ITTN-009: Summit Time Synchronization

  • Joshua Hoblitt and
  • Adrien Thebo

Latest Revision: 2022-11-14

1 Linux System Clock

The Linux kernel handles the system clock in Unix time <https://en.wikipedia.org/wiki/Unix_time>. Unix time, which is a monotonic count of seconds since the 1970-01-01 00:00:00 UTC. The system clock is initially set from a hardware real time clock (RTC) when the system is booted. The system clock and RTC are both defined to be UTC and there is no facility for instructing the kernel that an alternative epoch or time system are in use.

While it is possible to set the system clock to be synchronous with TAI time, this may cause a number of issues, including:

  • UTC leap second corrections mistakenly being applied to the system clock as if it is UTC time

  • The timestamps in log messages being offset from UTC without any indication that said timestamps are not in UTC

  • Interoperability issues with kerberos <https://en.wikipedia.org/wiki/Kerberos_(protocol)> (krb5) ticket-granting tickets (TGT), which rely on timestamps in UTC. Rubin Observatory uses krb5 for system authz.
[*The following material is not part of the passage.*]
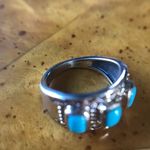 Natural Sleeping Beauty Turquoise Sterling Silver Southwestern Ring Size 5 Photo 3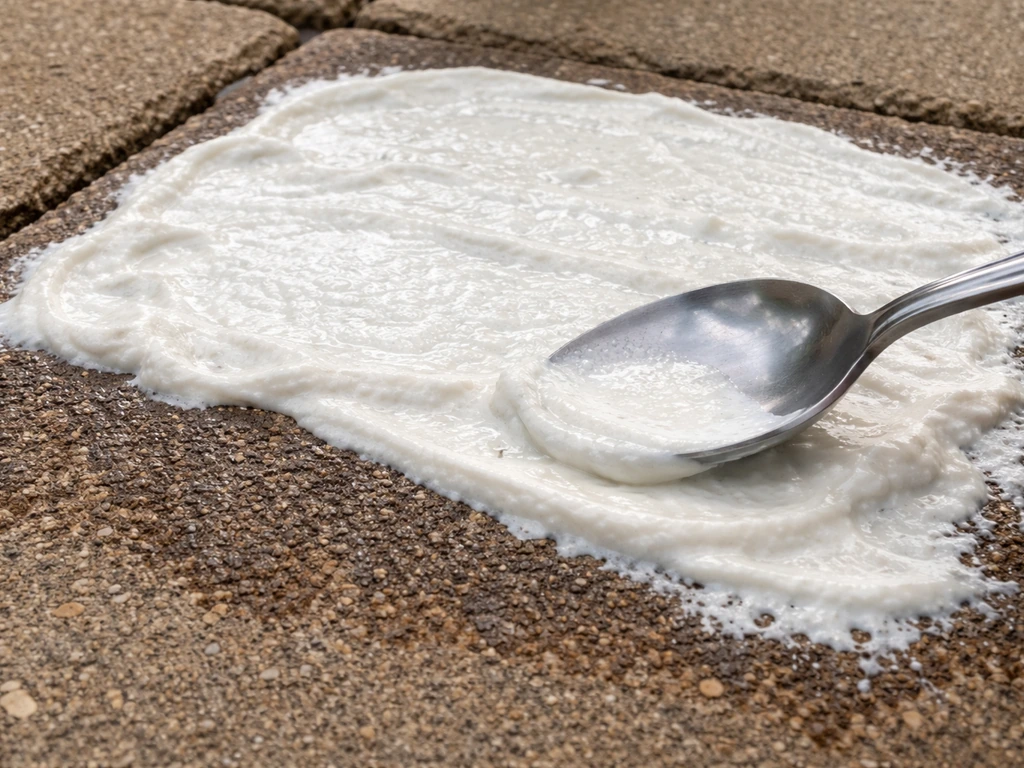 Thick poultice paste spread over a deep teak oil stain on porous stone/pavers using a small spoon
  • Interoperability issues with x509 <https://en.wikipedia.org/wiki/X.509> certificates, which use UTC timestamnp to establish a validity period. Rubin Observatory uses some management tooling such as puppet which, which is dependent upon x509 certs.

2 Leap Seconds

Earth’s rotational period is not exactly 86400 seconds, which causes the time of day to gradually slip earlier. To compensate for this an extra second is periodically added (or subtracted) from from UTC to keep the delta between UTC and UT1 under 1 second.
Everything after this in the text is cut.